Conduzida pela vereadora Iara Bernardi (PT), audiência foi marcada por críticas ao projeto de gestão compartilhada que está em elaboração pela Prefeitura
Com o objetivo de discutir vários problemas da Educação Básica e do Ensino Fundamental do Município de Sorocaba, especialmente a terceirização de escolas, a Câmara Municipal realizou audiência pública na noite de terça-feira, 7 de março, com a presença de várias autoridades pedagógicas. A iniciativa da audiência foi da vereadora Iara Bernardi (PT), que ressaltou a necessidade de se discutir o modelo de gestão da educação básica, sobretudo a proposta de se entregar a gestão das escolas para organizações sociais, bem como a jornada de trabalho dos professores.
A mesa de trabalho da audiência pública foi composta pelas seguintes autoridades, além da proponente: secretária municipal de Educação, Marta Cassar; presidente do Sindicato dos Servidores Municipais, Salatiel Hergesel; Fátima Farias, diretora estadual da Apeoesp (Sindicato dos Professores do Ensino Oficial do Estado de São Paulo); professora Abigail Camargo, representante da Comissão de Auxiliares de Educação; e a presidente da Aspams (Associação dos Professores da Rede Municipal de Ensino de Sorocaba), Vânia Nascimento. O vereador José Francisco Martinez (PSDB), membro da Comissão de Educação da Casa, e a vereadora Fernanda Garcia (PSOL), também participaram da audiência.
A terceirização da educação foi um dos principais temas da audiência pública. A Prefeitura pretende compartilhar a gestão de 28 escolas municipais com organizações sociais, alegando falta de recursos e os limites da Lei de Responsabilidade Fiscal. “Segundo o secretário da Fazenda, Marcelo Regalado, a Prefeitura gasta com a folha 43,7% do orçamento. A Lei de Responsabilidade Fiscal estabelece em 54% o limite de gasto com a folha. Mas a Prefeitura não chegou nem ao limite de alerta, que é 48,6%”, afirmou Iara Bernardi, observando que o piso do professor da rede municipal de ensino é de R$ 4.236,00, mais os incentivos funcionais, como aprimoramento acadêmico, por meio da pós-graduação, enquanto nas escolas terceirizadas o piso será o da rede particular de ensino, que é de R$ 1.196,60, mais 5% por hora-atividade. “E sem qualquer incentivo para a evolução intelectual do docente”, observou.

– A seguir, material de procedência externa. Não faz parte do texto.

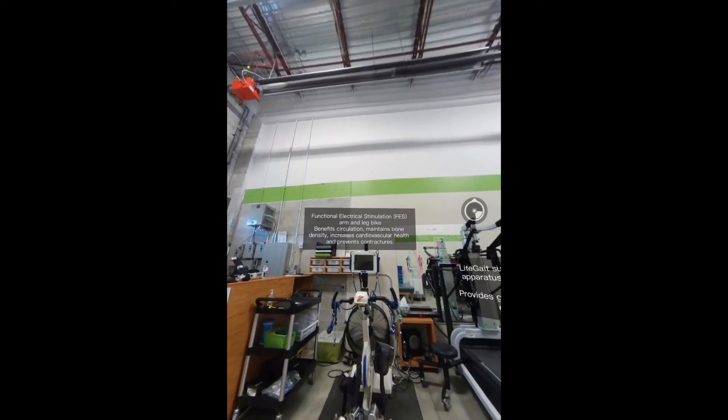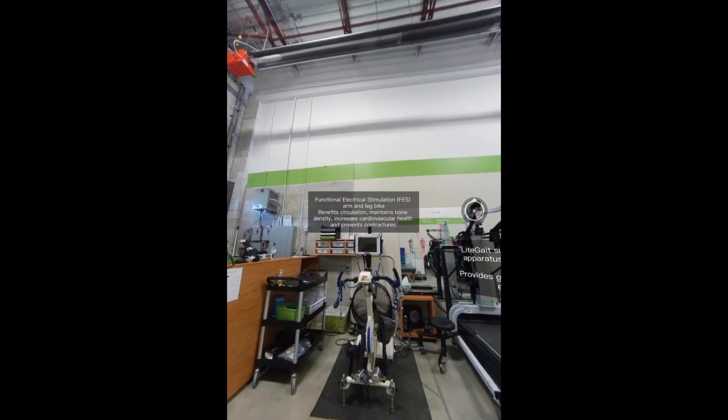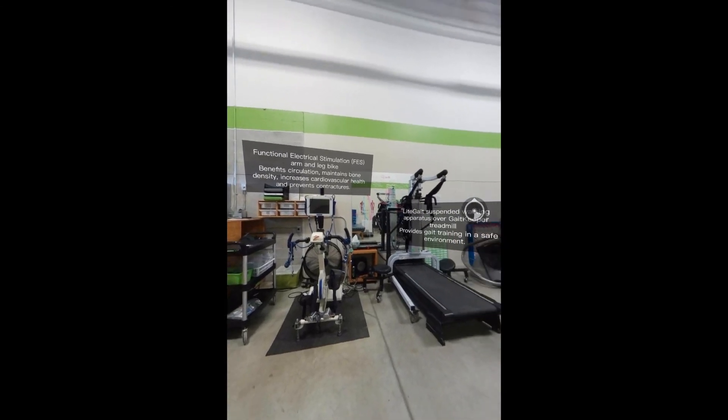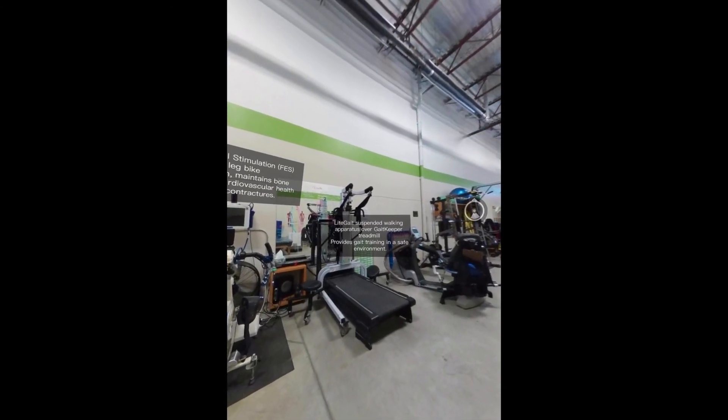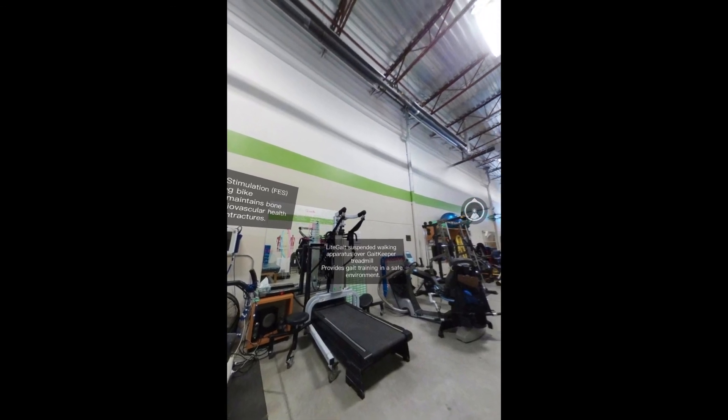The FES Arm and Leg Bike benefits circulation, maintains bone density, increases cardiovascular health, and prevents contractures. The Lightgate and Gatekeeper Treadmill provides a safe environment for the client to practice walking movement patterns.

Precarização das escolas: A vereadora também leu documento com o diagnóstico dos problemas de várias unidades de ensino, constatadas por ela em visitas presenciais nas escolas. A Escola Osório de Campos Maia, no Jardim Capitão, está funcionando com 10 professores eventuais. A CEI 79 “Prof. João Tortello”, no Jardim Botucatu, precisa de mais 18 auxiliares, pois a escola registrou 81 matrículas por ordem judicial em 2016 e mais 42 em 2017. Na CEI-107 “Profa. Arminda da Silva Telo”, no Horto Florestal, faltam 16 funcionários. Na CEI 81 “Profª Edith Del Cistia”, no Parque São Bento, há falta de auxiliares e salas superlotadas. Também faltam profissionais nas seguintes escolas: CEI 87 “Dr. Cássio Rosa” (Habiteto); CEI 88 “Profª Vera Guariglia” (Jardim Morada do Sol); CEI 59 “Eugênio Leite” (Brigadeiro Tobias); CEI 104 “Prefeito José Crespo Gonzales” (Morada das Flores); e CEI 114 “Fausto Ferreira Teles” (Jardim Bonsucesso).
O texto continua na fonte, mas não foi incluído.